Psychologist Daniel Goleman, Ph.D., states in his best-selling book, Emotional Intelligence, that self-awareness is “knowing one’s internal states, preference, resources and intuitions.”

This definition places emphasis on the ability to monitor your inner world, thoughts and emotions as they arise.

Awareness leads you to be conscious of your conditioned and limiting mindset, and that consciousness can form the foundation of freeing the mind from limiting beliefs, thoughts and attitudes.

The following quote by psychiatrist Victor Frankle, M.D., Ph.D., is a delicious invitation into awareness: “Between stimulus and response there is a space, and in this space lies our growth and our freedom.”

Self-awareness may not be something you spend much time thinking about or developing.

However, it is a practice that allows you to move away from autopilot into a conscious participant in your life.

Journal writing is one of many ways to deepen self-awareness.

Here is simple journal writing process:

Exercise: Organize your writing around a specific theme and ask yourself this question: What are my thoughts, feelings and habits I have regarding success, fear, faith, abundance, money, gratitude, persistence, health, massage/touch, difficult clients, self-nourishment, integrity, commitment, possibility, limitations and service?

Pick one theme each day and write on it.

Continue this process for at least 30 days.

The Path of Doing

There is an enormous difference, or gap, between what we know and what we do.

Don’t get me wrong; I believe knowledge is sacred. However, knowledge alone does not create change.

This gap is often the common thread that limits our ability as practitioners to achieve the results we desire.

As a teacher and mentor in the massage field for over 20 years, I have witnessed this common frustration among practitioners.

They often share with me their need to know more and to gain more knowledge.

I tell them it is not a lack of knowledge or training missing from a practitioner’s life; it is practicing what you know in order to get the results you desire.

For example, there are many principles we have learned that guide each of us into a successful practice—things like your code of ethics, proper self-care, impeccable customer service, practice-building skills, heart-centered listening, priority management and positive attitude.

However, not acting on what we know can prove to be destructive.

One of the most liberating things in our life is becoming aware of our conditioned thoughts and beliefs that fill this gap of knowing and doing.

We are capable of so much more than most of us believe.

How do we become aware of what is in this gap?

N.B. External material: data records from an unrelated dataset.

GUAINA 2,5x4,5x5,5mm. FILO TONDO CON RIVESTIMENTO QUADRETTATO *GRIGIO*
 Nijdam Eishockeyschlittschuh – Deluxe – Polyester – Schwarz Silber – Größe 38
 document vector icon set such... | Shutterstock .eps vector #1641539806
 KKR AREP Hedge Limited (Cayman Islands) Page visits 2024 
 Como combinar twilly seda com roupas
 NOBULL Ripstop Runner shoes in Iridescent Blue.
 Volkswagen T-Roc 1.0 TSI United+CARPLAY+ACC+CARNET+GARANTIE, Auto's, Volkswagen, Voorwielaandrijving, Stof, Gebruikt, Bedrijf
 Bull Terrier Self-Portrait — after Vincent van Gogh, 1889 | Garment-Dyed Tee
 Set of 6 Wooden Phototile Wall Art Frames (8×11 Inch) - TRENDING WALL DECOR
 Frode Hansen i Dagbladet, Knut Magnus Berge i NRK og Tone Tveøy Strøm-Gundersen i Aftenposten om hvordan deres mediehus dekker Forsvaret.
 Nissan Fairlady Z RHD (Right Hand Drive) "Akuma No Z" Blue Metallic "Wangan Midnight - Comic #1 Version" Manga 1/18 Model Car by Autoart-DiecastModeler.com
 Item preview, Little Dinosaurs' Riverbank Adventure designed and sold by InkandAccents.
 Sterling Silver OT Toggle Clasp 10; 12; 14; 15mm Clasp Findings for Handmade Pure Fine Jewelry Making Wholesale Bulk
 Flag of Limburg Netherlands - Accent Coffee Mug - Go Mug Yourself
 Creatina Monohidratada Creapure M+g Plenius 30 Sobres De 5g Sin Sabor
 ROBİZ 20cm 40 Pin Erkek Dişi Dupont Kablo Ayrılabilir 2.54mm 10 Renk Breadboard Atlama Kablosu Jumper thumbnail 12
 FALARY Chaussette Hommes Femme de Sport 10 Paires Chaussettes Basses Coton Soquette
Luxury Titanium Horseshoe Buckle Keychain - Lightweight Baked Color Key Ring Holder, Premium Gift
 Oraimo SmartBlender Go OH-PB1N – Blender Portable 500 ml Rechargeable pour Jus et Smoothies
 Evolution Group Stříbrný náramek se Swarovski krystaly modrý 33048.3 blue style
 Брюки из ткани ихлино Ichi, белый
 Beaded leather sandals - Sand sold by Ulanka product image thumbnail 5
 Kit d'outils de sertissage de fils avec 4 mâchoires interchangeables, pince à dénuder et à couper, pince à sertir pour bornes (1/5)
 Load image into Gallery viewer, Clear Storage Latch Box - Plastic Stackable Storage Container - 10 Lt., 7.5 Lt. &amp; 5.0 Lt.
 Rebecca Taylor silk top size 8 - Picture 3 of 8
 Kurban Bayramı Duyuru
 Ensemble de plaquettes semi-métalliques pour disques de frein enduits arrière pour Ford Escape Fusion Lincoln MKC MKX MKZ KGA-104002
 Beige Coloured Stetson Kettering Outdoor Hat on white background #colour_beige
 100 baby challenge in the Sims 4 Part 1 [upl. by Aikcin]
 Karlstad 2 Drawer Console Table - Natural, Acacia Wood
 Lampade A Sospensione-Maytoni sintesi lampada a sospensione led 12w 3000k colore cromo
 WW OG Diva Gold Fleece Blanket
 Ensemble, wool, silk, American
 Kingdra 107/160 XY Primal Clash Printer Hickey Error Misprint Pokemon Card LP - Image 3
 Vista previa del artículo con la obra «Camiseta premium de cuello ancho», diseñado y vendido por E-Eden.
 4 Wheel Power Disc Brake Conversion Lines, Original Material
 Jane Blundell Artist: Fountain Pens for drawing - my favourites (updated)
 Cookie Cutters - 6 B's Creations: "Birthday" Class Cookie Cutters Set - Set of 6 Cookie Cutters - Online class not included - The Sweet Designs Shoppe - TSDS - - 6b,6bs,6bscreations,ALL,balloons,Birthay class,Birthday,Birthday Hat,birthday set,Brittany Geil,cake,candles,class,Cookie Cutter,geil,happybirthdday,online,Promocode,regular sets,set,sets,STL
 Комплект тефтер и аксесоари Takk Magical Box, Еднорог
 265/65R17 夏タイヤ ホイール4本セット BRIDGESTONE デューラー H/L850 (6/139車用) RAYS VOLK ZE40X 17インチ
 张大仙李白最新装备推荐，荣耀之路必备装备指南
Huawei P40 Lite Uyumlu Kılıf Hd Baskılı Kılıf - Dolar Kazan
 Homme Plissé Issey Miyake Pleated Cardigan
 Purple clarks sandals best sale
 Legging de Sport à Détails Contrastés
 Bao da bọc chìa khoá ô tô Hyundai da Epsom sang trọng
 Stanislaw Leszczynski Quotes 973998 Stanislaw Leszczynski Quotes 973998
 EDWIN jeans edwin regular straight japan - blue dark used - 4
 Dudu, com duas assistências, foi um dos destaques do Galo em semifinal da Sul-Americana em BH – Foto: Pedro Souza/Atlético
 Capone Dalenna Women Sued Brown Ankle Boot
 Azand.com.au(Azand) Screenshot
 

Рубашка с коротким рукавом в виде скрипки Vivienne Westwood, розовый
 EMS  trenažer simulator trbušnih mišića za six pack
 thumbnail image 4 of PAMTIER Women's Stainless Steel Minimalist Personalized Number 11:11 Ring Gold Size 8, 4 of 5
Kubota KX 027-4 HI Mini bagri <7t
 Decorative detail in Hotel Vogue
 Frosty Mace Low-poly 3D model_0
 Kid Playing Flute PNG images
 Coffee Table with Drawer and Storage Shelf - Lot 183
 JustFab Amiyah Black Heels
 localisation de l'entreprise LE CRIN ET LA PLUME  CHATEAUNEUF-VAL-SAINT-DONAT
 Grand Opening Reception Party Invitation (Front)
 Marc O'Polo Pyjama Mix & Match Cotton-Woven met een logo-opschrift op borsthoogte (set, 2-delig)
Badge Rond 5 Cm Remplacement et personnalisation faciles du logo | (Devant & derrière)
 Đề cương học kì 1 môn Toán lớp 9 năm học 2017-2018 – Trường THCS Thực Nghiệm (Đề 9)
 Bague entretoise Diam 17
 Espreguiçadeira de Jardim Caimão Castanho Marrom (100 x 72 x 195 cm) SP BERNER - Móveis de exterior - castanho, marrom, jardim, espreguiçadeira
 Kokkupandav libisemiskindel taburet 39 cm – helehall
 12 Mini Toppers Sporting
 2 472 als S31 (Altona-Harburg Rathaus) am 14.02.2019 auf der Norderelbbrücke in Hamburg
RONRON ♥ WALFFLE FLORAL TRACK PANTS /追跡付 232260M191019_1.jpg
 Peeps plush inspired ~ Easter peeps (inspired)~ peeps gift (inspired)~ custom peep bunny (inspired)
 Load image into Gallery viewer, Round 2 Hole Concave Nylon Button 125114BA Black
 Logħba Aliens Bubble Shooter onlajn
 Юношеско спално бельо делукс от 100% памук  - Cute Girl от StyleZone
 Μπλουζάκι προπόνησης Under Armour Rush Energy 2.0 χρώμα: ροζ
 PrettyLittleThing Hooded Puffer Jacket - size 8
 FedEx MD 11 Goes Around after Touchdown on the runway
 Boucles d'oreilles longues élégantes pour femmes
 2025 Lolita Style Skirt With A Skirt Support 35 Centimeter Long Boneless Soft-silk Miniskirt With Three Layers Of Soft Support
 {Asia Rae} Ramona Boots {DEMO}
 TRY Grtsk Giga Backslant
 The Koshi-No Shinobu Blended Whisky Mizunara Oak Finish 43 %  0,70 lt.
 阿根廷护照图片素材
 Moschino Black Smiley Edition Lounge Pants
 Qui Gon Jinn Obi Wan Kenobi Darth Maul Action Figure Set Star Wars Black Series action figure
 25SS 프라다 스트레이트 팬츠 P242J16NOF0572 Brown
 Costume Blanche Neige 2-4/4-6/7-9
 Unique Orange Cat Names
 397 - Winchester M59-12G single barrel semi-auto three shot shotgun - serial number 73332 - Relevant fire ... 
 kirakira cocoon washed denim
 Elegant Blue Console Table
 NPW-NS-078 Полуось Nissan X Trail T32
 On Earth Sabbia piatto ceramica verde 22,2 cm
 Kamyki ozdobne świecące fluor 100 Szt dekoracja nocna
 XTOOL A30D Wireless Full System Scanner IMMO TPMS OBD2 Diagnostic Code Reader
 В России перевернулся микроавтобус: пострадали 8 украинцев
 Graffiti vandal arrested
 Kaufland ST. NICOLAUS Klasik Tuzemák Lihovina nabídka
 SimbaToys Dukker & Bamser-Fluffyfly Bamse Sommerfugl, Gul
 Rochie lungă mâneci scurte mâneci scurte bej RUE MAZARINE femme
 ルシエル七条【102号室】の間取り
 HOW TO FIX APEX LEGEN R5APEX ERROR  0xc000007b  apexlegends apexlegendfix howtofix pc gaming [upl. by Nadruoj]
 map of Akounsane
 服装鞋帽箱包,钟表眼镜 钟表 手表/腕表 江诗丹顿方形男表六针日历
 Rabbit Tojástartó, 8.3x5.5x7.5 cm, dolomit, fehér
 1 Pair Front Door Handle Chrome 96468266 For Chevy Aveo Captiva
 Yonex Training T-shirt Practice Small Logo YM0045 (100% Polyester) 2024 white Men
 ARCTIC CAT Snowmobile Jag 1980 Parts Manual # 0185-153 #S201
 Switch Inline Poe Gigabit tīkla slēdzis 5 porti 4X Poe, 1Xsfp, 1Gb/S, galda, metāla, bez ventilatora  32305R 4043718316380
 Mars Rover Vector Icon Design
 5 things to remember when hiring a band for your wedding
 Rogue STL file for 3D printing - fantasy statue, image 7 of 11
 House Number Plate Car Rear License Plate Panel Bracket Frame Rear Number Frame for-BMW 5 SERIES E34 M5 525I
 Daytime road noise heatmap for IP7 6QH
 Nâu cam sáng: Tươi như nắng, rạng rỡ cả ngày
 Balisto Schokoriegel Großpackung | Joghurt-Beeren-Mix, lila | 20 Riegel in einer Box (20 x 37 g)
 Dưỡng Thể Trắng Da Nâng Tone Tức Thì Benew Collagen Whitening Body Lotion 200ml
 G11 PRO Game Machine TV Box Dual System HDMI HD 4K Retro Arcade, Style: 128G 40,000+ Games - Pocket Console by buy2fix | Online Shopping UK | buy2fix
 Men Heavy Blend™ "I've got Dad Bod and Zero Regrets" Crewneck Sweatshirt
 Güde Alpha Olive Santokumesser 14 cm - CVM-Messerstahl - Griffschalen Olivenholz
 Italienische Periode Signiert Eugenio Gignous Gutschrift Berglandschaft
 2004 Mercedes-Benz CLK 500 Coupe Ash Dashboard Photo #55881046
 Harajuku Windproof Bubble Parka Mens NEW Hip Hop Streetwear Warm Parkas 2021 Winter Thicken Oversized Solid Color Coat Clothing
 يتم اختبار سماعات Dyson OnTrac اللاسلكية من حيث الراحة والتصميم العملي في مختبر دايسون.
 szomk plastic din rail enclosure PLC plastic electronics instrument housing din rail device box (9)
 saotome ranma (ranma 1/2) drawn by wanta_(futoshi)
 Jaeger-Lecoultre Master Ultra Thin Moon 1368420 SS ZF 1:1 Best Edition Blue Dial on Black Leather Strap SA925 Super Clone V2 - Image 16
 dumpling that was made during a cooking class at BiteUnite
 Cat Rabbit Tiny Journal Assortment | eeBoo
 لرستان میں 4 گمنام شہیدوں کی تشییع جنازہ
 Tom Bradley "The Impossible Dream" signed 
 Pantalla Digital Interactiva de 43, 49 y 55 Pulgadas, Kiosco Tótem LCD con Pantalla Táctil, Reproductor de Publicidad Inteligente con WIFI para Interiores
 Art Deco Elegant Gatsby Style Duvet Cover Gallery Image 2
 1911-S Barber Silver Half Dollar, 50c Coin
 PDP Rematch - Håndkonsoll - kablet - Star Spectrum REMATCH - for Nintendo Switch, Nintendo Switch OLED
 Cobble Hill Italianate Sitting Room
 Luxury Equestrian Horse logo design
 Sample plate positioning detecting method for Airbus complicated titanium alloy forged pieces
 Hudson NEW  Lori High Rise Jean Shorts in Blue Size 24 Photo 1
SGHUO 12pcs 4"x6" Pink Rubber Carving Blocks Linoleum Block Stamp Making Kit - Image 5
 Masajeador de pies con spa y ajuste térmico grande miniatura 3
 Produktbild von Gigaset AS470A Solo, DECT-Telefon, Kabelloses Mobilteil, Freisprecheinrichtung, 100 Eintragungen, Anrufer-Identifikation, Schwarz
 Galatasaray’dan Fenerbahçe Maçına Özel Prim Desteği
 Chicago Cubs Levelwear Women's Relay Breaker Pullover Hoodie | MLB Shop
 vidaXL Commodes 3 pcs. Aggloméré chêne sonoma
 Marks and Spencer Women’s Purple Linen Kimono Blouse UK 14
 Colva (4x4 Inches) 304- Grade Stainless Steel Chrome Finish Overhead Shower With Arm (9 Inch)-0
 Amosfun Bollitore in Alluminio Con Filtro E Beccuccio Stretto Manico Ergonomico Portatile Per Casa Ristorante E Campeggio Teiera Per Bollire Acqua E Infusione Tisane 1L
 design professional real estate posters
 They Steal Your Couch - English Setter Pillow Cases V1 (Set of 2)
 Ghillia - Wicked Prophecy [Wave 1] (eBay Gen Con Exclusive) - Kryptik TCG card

I suggest what I call the pillar of pausing.

Here is a simple routine to practice pausing:

Exercise: Pause, and notice your thoughts and beliefs that prevent you from taking action toward what you know to do.

Re-direct your thinking.

When we change the way we think about doing things, we change the results.

The Path of Practice

It is important to remember that you can have whatever you are willing to become. Successful inner leadership consists of knowing and becoming—of both action and being.

When the two are in conflict, there is nothing but frustration and failure. To know all about compassion without practicing compassion, for example, is disastrous.

The power of practicing what we know leads us to be what it is we want in our lives.

We become what we practice.

The desire for love finds its fulfillment in loving, the desire for joy finds itself fulfillment in laughter, and the desire for gratitude is found in heart-felt words of thanks.

The next time you feel irritated by a person behaving in a rude manner, find that place of compassion within yourself for that person.

This way you are adding compassion to the world rather than letting yourself be brought down by someone else’s anger.

In the quietness of your heart, thank them for teaching you compassion. We are all teachers to each other.

Empower your inner leader, and serve the world from your best self.

Editor’s note: Download the free New Practitioner eBook, The Blueprint for a Successful Massage Career.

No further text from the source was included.